Department of Plant Science and Research Institute for Agriculture and Life Sciences, Seoul National University, Seoul 151-921, Korea.
Proc Natl Acad Sci U S A. 2010 Dec 21;107(51):22032-7. doi: 10.1073/pnas.1009526107. Epub 2010 Dec 3.
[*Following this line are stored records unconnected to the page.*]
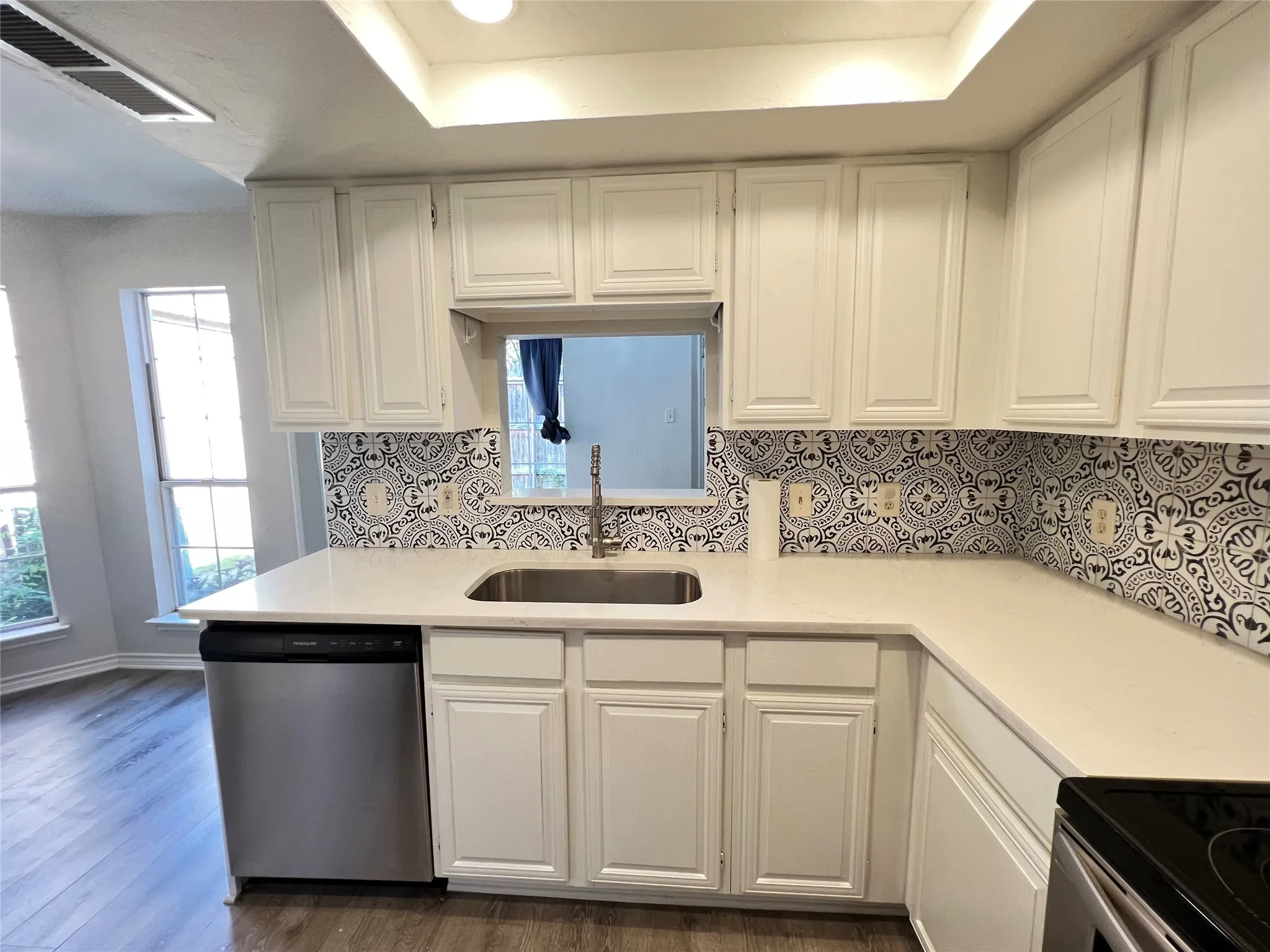 Kitchen featuring white cabinetry, light-toned countertops, a stainless steel sink, and a patterned backsplash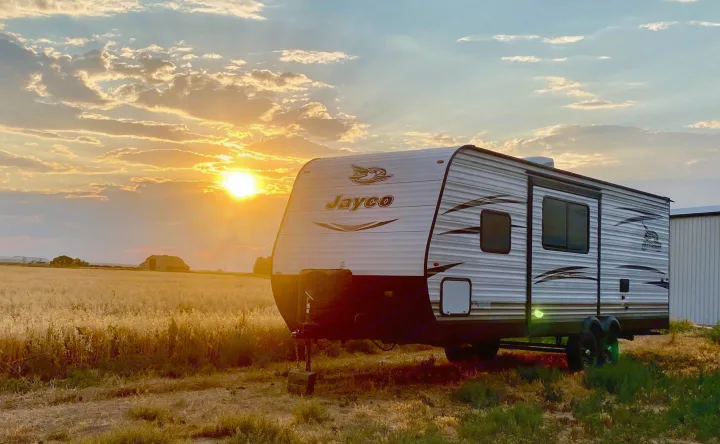 Golden sunset over a Jayco RV parked in a field. Ideal for an RV rental road trip or serene camp.. Jayco Jay Flight SLX 2018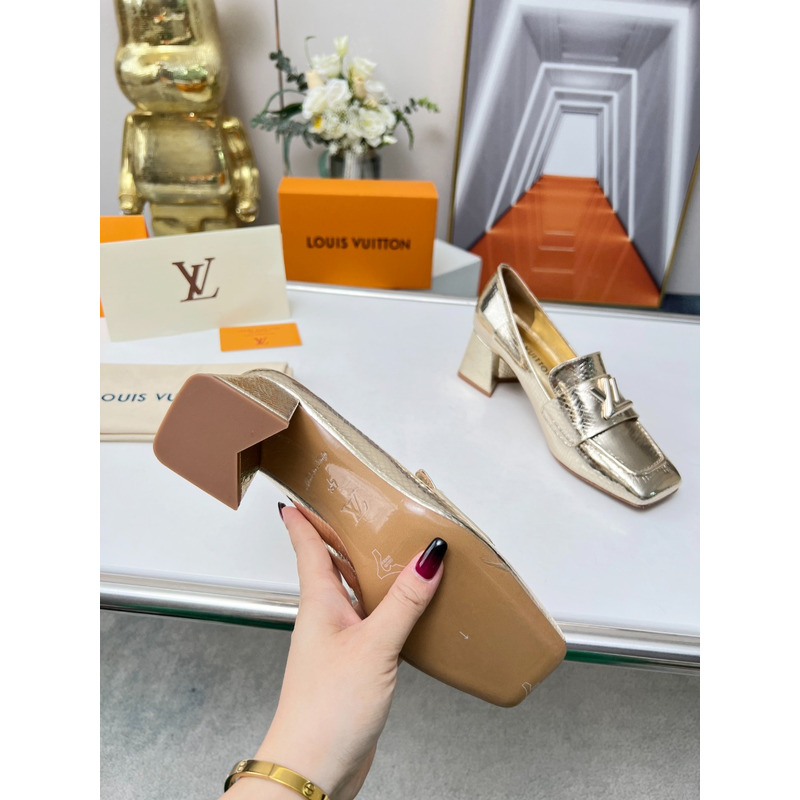 l**is V*t*n upper case block heels gold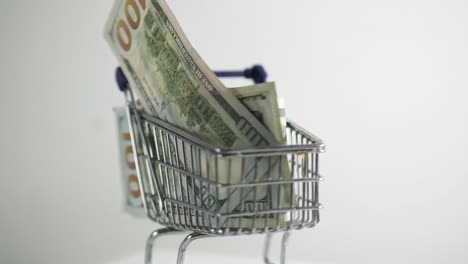 shopping cart loaded with usd 100 bills note rotate on white background e-commerce sale online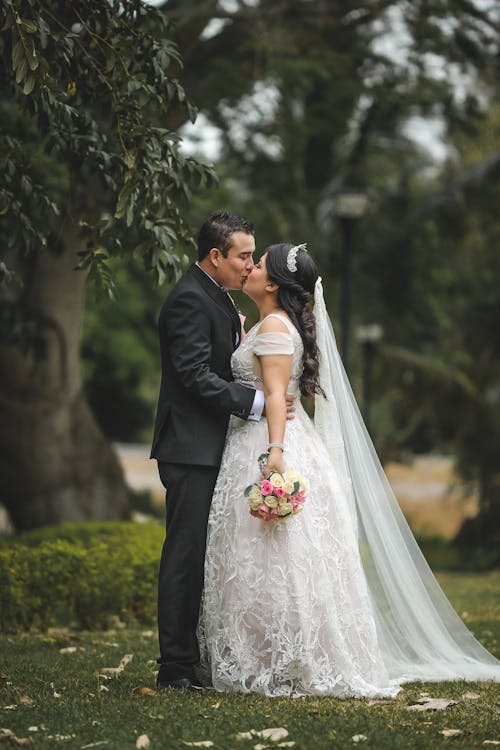 Free Man in Black Suit Kissing Woman in White Wedding Dress Stock Photo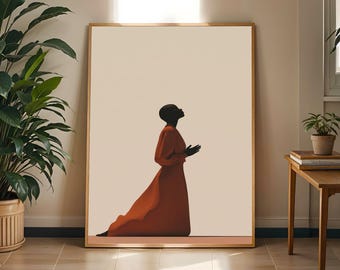 Könnte beinhalten: Ein gerahmter Kunstdruck mit der Silhouette einer dunkelhäutigen Person mit kahlgeschorenem Kopf, die im Profil kniet und die Hände zum Gebet gefaltet hat. Die Figur trägt ein langes, fließendes rostfarbenes Kleid vor einem cremefarbenen Hintergrund.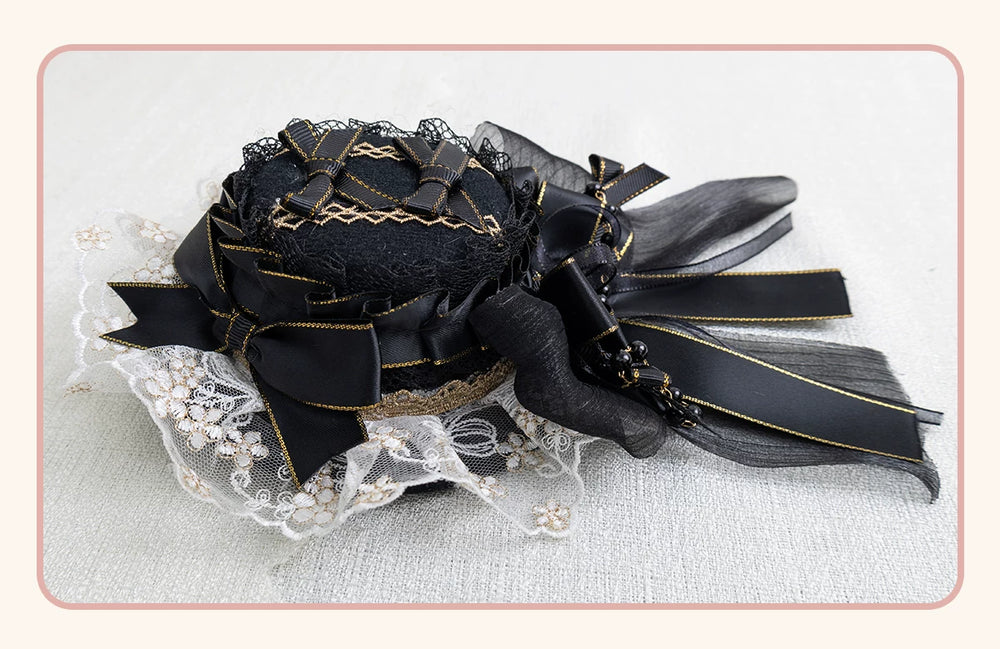 Black headwear with gold-edged bows, lace and bead accents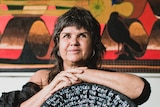 A 50-something Aboriginal woman with a mullet sits with her arms resting on a circular sculpture, handpainted with words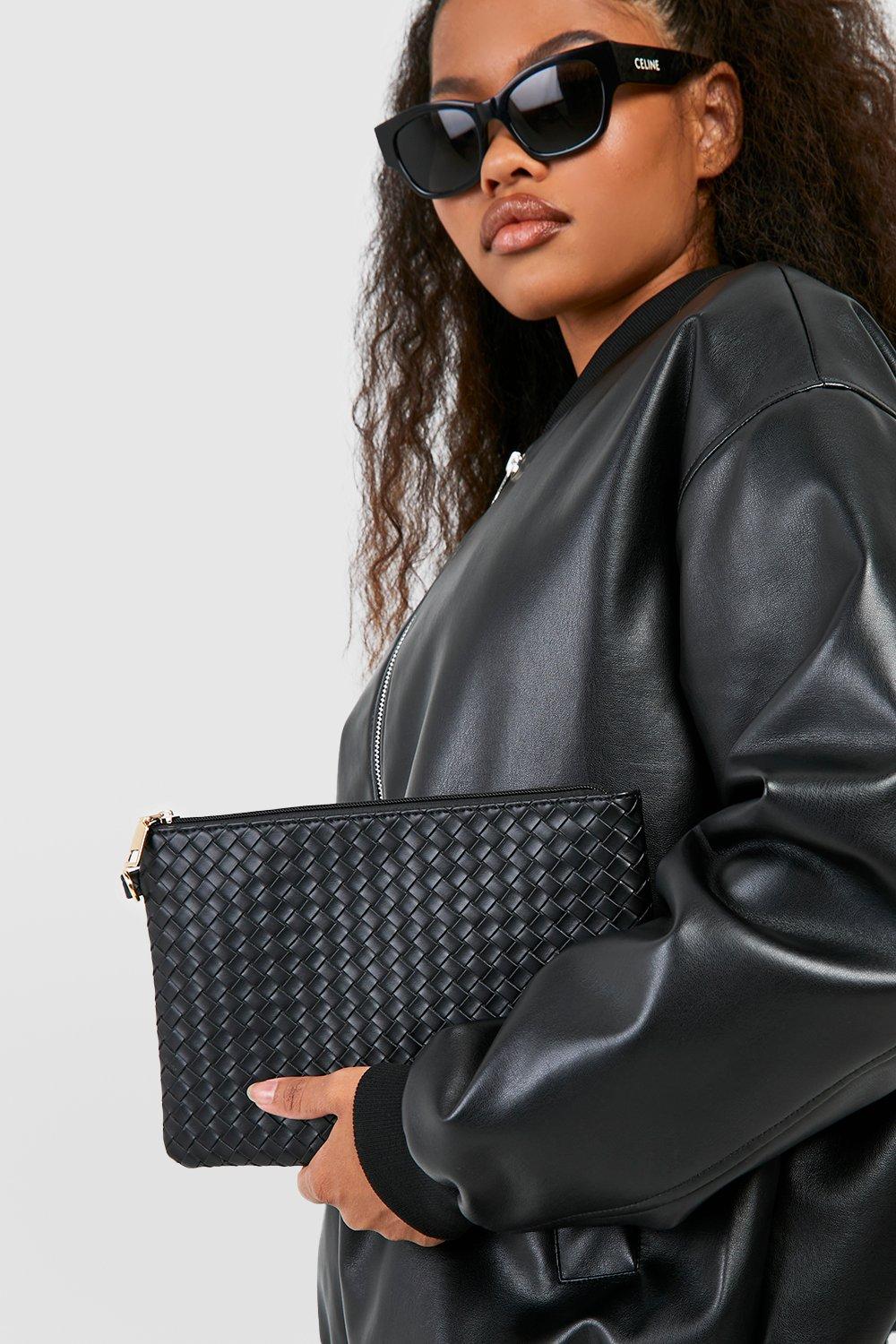 Black woven best sale clutch bag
The genome of soybean (Glycine max), a commercially important crop, has recently been sequenced and is one of six crop species to have been sequenced. Here we report the genome sequence of G. soja, the undomesticated ancestor of G. max (in particular, G. soja var. IT182932). The 48.8-Gb Illumina Genome Analyzer (Illumina-GA) short DNA reads were aligned to the G. max reference genome and a consensus was determined for G. soja. This consensus sequence spanned 915.4 Mb, representing a coverage of 97.65% of the G. max published genome sequence and an average mapping depth of 43-fold. The nucleotide sequence of the G. soja genome, which contains 2.5 Mb of substituted bases and 406 kb of small insertions/deletions relative to G. max, is ∼0.31% different from that of G. max. In addition to the mapped 915.4-Mb consensus sequence, 32.4 Mb of large deletions and 8.3 Mb of novel sequence contigs in the G. soja genome were also detected. Nucleotide variants of G. soja versus G. max confirmed by Roche Genome Sequencer FLX sequencing showed a 99.99% concordance in single-nucleotide polymorphism and a 98.82% agreement in insertion/deletion calls on Illumina-GA reads. Data presented in this study suggest that the G. soja/G. max complex may be at least 0.27 million y old, appearing before the relatively recent event of domestication (6,000∼9,000 y ago). This suggests that soybean domestication is complicated and that more in-depth study of population genetics is needed. In any case, genome comparison of domesticated and undomesticated forms of soybean can facilitate its improvement.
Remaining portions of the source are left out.